Getting To Know You Better: ‘New Horizons’ Embarks On First Approach To Plutonian System
Due to the unprecedented nature of the NH programme, these are exciting times for planetary science, as Jim Green, director of NASA’s Planetary Science Division, explains: ‘NASA’s first mission to distant Pluto will be humankind’s first close up view of this cold, unexplored world’. Launched in 2006, ‘New Horizons’ is tasked with exploring Pluto and its five orbiting satellites with ground breaking accuracy.
After reawakening from its final hibernation period (December 2014), the probe is currently 220 million kilometres from its primary target. Scientists will utilise this approach window for engineering purposes, and to prepare the probes imaging/telemetry system for future data transfers—a series of image captures, by the Long-Range Reconnaissance Imager (LORRI), is planned to commence on January 25th.
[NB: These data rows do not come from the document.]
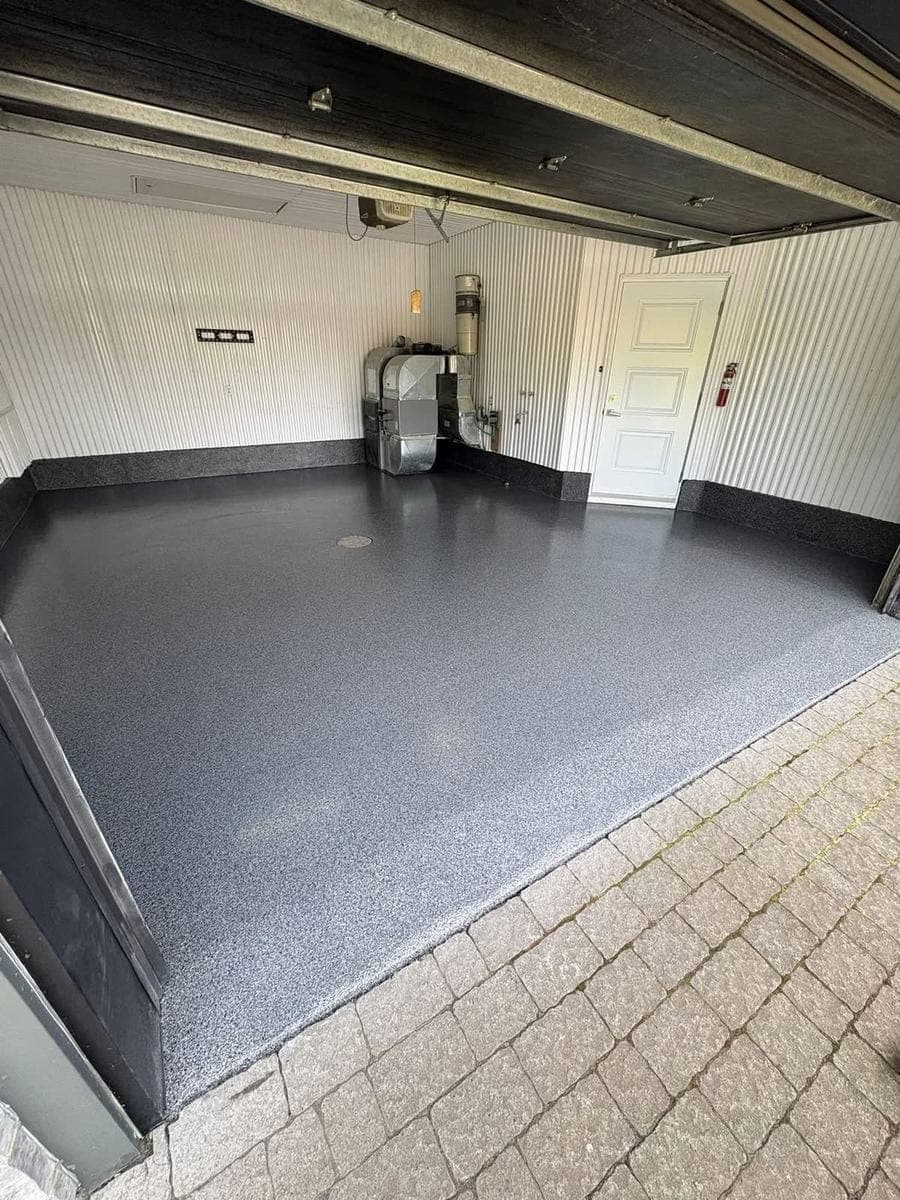 Plancher à flocons gris dans un garage résidentiel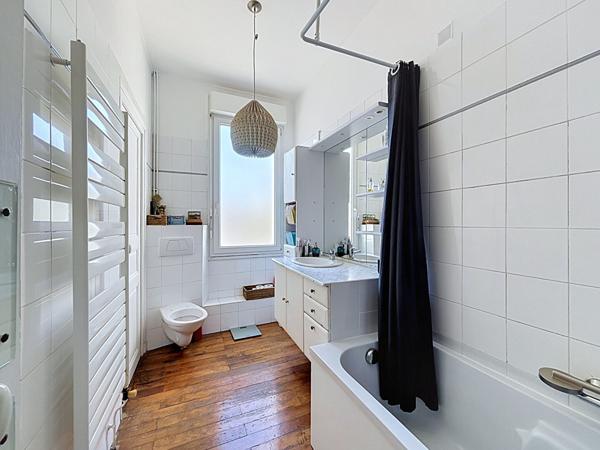 Maison Angers 6 pièce(s) 111 m2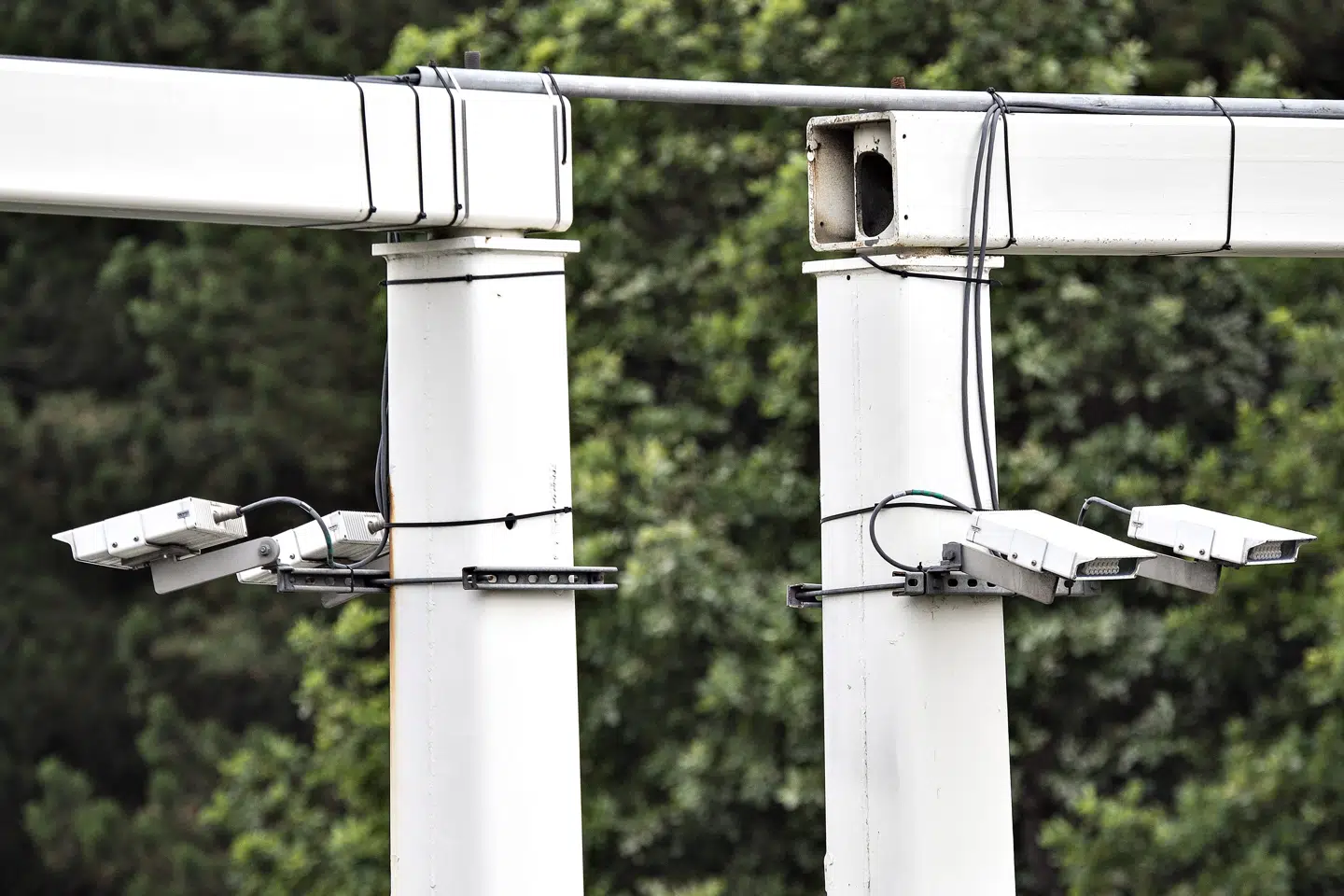 Rigspolitiet har nummerpladeskannere placeret ved større trafikknudepunkter i Danmark. Her ved motorvej E45, Limfjordstunnellen hvor der er seks skannere i funktion i den nordlige og sydgående retning. Ifølge et notat vil regeringen også skanne nummerplader for at se, om køretøjer lever op til krav i miljøzoner. (Arkivfoto) Henning Bagger/Ritzau Scanpix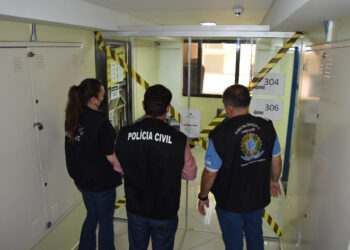 Empresa de consórcio é interditada e 7 são autuados por propaganda enganosa na Capital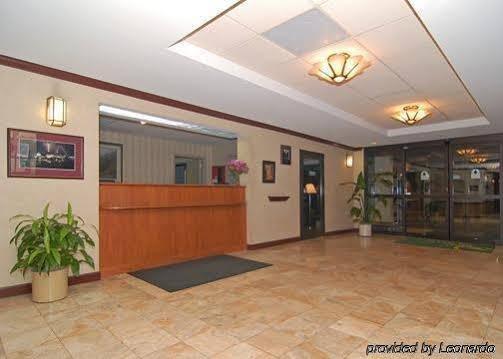 Quality Inn & Suites Biltmore South Arden Extérieur photo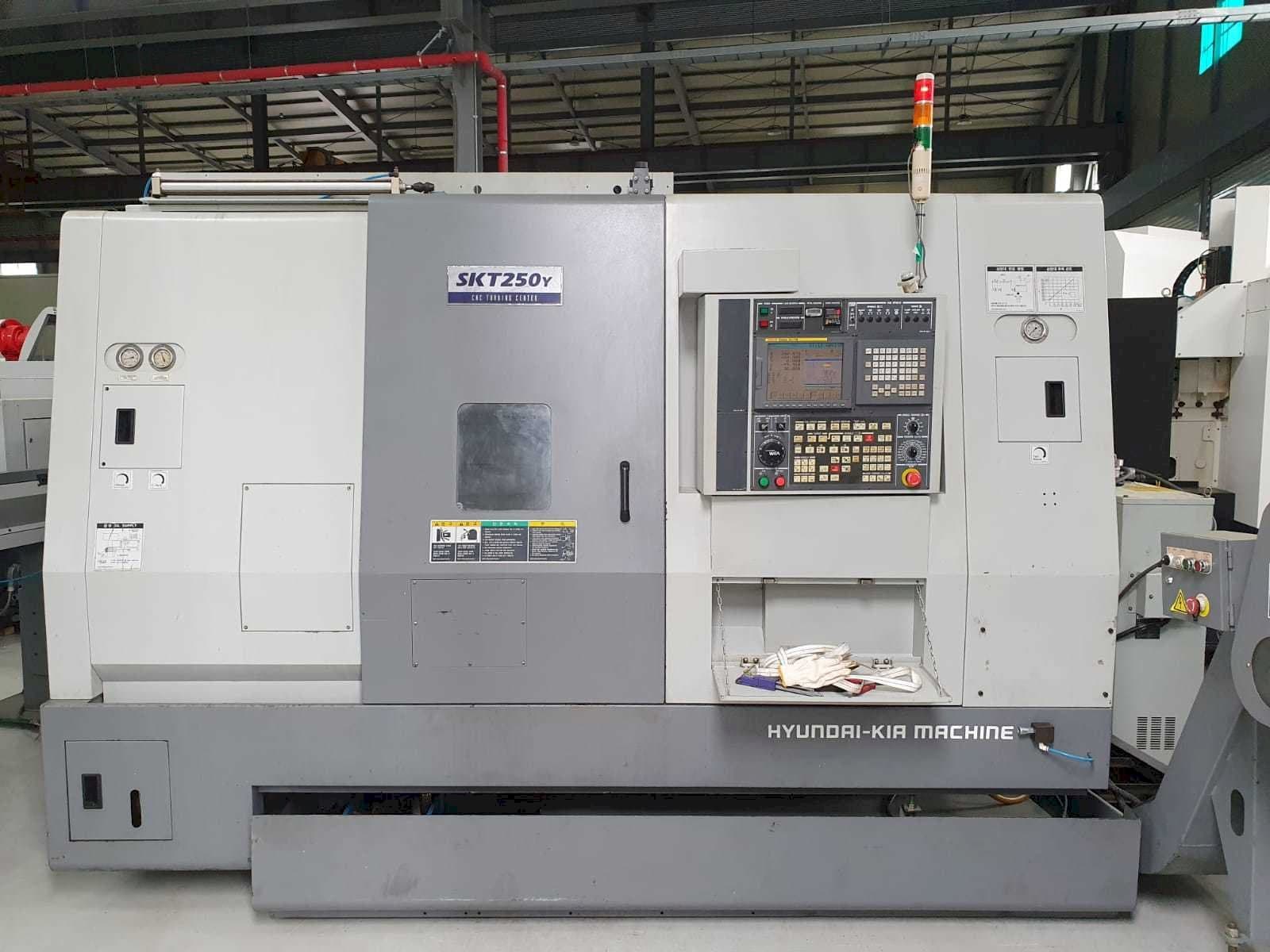 Front view of Hyundai Kia SKT250Y machine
These initial exchanges are critical, and will provide improved insights into the dynamics of the system as well as essential flight guidance data: ‘We need to refine our knowledge of where Pluto will be when New Horizons flies past it’, explains NASA, ‘flyby timing has to be exact, because the computer commands that will orient the spacecraft and point the science instruments are based on precisely knowing the time we pass Pluto – which these images will help us determine’.
First discovered in 1930 by Clyde W. Tombaugh, Pluto is situated approximately 4.3-7.5 billion kilometres from Earth. As a once proud member in the pantheon of solar planets, this elusive, distant, body has recently been reclassified to dwarf binary status due to a shift in the system’s known barycentre with Charon—Pluto’s largest moon.
In addition to the two usual suspects, the system contains a further four satellites: Hydra, Styx, Nix and Kerberos, which will all undergo closer observations as the mission progresses. As NASA emphasise, more intensive studies will commence in the springtime ‘when the cameras and spectrometers aboard New Horizons can provide resolutions better than the most powerful telescopes on Earth. Eventually, New Horizons will obtain images good enough to map Pluto and its moons better than has ever been achieved by any previous first planetary reconnaissance mission’.